BEGIN

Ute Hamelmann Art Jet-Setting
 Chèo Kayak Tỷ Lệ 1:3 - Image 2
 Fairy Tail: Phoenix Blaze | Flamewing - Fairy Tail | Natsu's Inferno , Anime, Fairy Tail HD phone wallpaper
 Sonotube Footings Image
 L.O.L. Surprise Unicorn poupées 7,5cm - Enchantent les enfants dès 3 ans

END

> How to complete this task
When a line in the material contains the string "Image", copy that line.

> Response box
 Chèo Kayak Tỷ Lệ 1:3 - Image 2
 Sonotube Footings Image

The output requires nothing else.